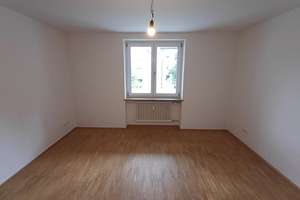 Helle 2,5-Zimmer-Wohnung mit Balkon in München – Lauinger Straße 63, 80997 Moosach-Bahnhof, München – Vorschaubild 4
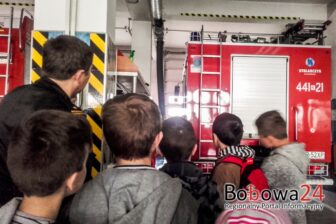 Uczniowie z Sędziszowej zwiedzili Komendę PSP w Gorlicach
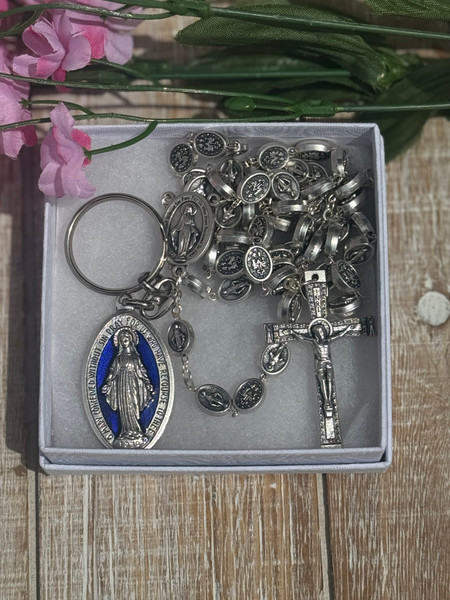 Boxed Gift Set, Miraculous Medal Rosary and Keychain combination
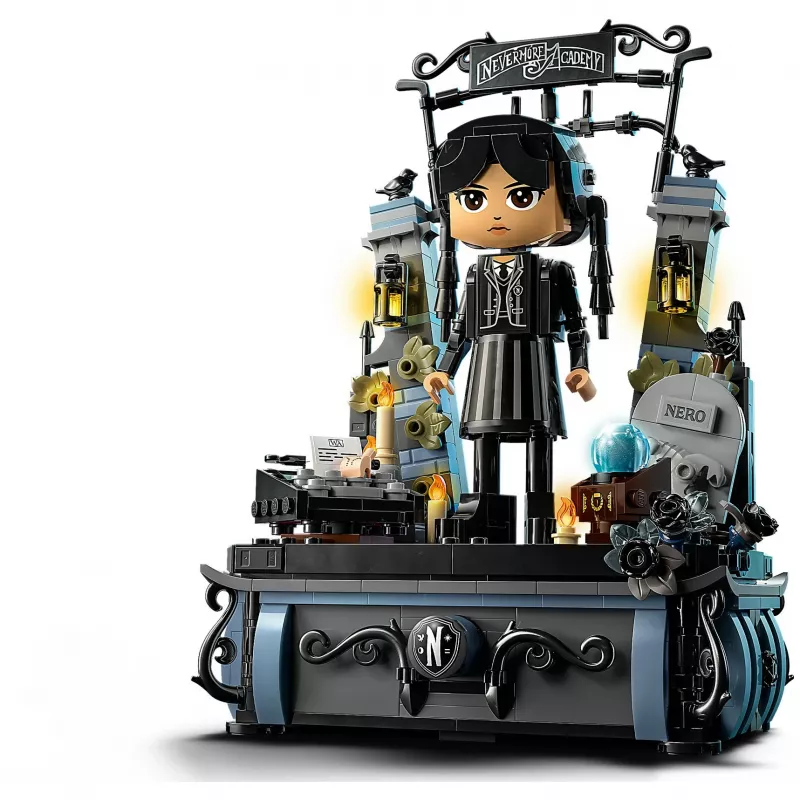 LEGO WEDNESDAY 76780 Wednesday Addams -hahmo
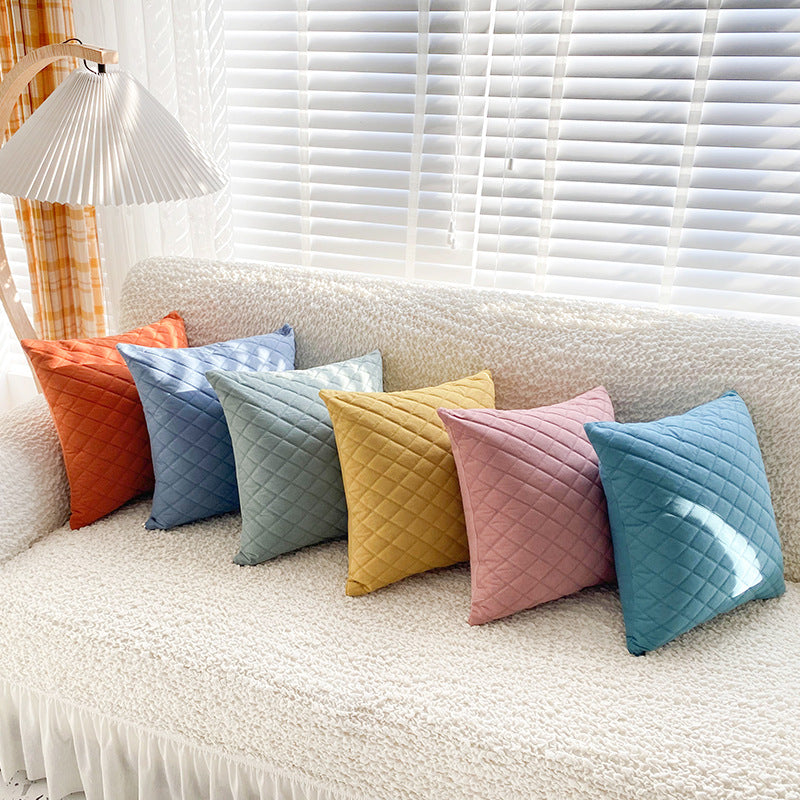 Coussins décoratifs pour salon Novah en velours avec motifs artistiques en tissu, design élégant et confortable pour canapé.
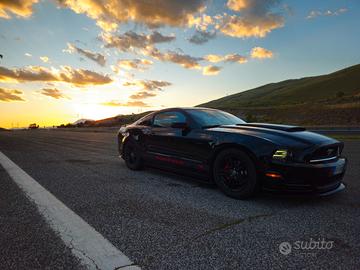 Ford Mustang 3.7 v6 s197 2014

* * *

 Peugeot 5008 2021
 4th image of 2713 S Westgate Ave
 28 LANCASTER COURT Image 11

---

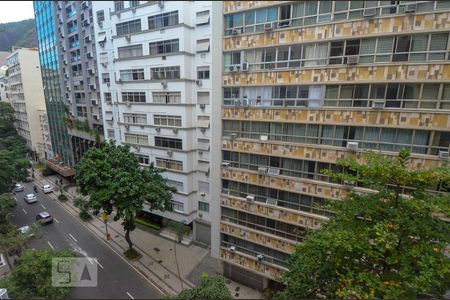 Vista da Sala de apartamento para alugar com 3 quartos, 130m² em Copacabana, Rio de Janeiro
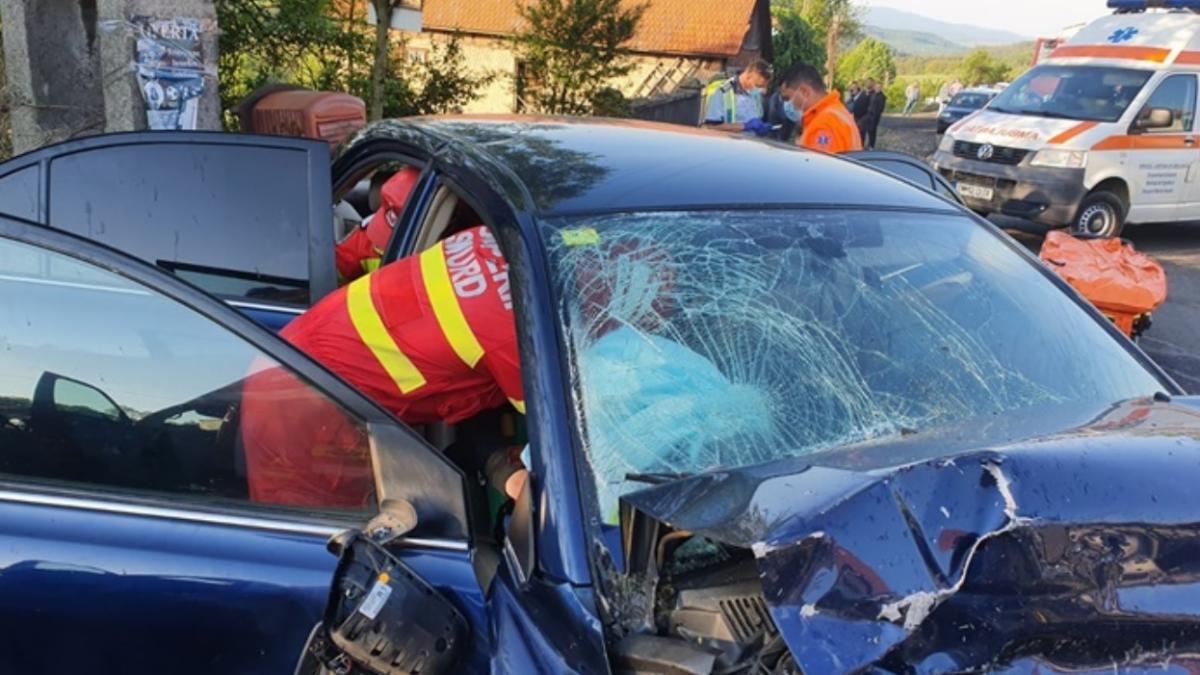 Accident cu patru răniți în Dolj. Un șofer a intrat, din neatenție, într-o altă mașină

Your assignment:
Print everything from the line with "Helle 2,5-Zimmer-Wohnung mit" down to the line with "Ford Mustang 3.7 v6 s197 2014" in the entries above, both lines included and nothing more, without the pictures.

Solution to the exercise:
 Helle 2,5-Zimmer-Wohnung mit Balkon in München – Lauinger Straße 63, 80997 Moosach-Bahnhof, München – Vorschaubild 4
 Uczniowie z Sędziszowej zwiedzili Komendę PSP w Gorlicach
 Boxed Gift Set, Miraculous Medal Rosary and Keychain combination
 LEGO WEDNESDAY 76780 Wednesday Addams -hahmo
 Coussins décoratifs pour salon Novah en velours avec motifs artistiques en tissu, design élégant et confortable pour canapé.
 Ford Mustang 3.7 v6 s197 2014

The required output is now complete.